Quelques jours avant de rencontrer les enfants, j’ai découvert Le nouveau magasin d’écriture d’Hubert Haddad. En feuilletant les pages consacrées à la poésie, je suis tombée sur ce qu’il appelle « la chambre d’échos », qui consiste en une lecture à voix haute par chacun des participants tour à tour d’un très court extrait d’un livre de poésie ouvert au hasard. Sorte d’anthologie du vers unique orale et improvisée. J’ai vraiment aimé cette idée car elle permet à tous de faire un pas décisif vers la poésie, de sentir la magie des mots par la fragmentation quasiment arbitraire, d’indiquer que le langage poétique est un pas de côté par rapport au langage courant, en raison de l’écoute extrême qu’il suppose, de déplacer tout le monde en même temps ailleurs. Par bonheur, avec les deux classes, cette expérience, que je tentais donc pour la première fois, a été positive, a trouvé un tel écho qu’elle a pris plus de temps prévu dans la séance.

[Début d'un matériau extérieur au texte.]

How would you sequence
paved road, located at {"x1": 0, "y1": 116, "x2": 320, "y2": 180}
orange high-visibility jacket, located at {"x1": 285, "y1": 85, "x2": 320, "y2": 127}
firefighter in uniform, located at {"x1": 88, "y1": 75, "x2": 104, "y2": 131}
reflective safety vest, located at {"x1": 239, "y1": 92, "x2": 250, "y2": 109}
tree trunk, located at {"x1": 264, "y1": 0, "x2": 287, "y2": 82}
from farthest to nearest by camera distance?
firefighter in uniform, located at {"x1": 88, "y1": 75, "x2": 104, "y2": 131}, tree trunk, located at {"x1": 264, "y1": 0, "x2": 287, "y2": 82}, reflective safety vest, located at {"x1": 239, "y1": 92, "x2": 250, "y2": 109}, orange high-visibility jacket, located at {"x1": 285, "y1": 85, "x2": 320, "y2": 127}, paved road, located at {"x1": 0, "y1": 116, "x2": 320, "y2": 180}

_ Je suis ainsi entrée dans chaque classe avec une véritable valise de livres. Livres soigneusement choisis en fonction du « jeu » proposé, on s’en doute :
1. anthologie de Jaccottet
2. anthologie du vers unique de Schéhadé
3. Rien que l’amour de Lucien Becker
4. Poèmes d’Yves Bonnefoy
5. La connaissance du soir de Joë Bousquet
6. De seuil en seuil de Celan
7. Le livre des anges I et II de Lydie Dattas
8. Poésies de Desbordes-Valmore
9. Destinée arbitraire de Robert Desnos
10. Capitale de la douleur et L’amour la poésie de Paul Eluard
11. Morceaux de ciel de Claude Esteban
12. A la lumière d’hiver de Jaccottet
13. Pensées sous le nuages de Jaccottet
14. L’effet fantôme de Yannick Liron
15. L’ombre la neige de Maximine
16. Dans nos recommencements de Meschonnic
17. Tout entier visage de Meschonnic
18. Voyageurs de la voix de Meschonnic
19. Je n’ai pas tout entendu de Meschonnic
20. Les ennuagements du cœur de Yves Namur
21. Les chants de la merci de Marie Noël
22. Œuvre poétique d’Anne Perrier
23. Ne tirez pas camarades d’Albane Prouvost
24. Des cendre au jardin de Rochedy
25. L’homme descend du songe de Rochedy
26. Lèvres sans voix d’Erwann Rougé
27. Alparegho d’Hélène Sanguinetti
28. Le nageur d’un seul amour de Schéhadé
29. Millet l’ancien de Skacel
30. Le pays qui n’est pas d’Edith Södergran
31. Le monde est rond de Stein
32. Les maisons brûlées de Henri Thomas
33. Les jours heureux de Wilcock
(Il s’est avéré que ces livres se prêtent très bien au prélèvement d’un vers, quatre maximum quand ceux-ci sont très courts).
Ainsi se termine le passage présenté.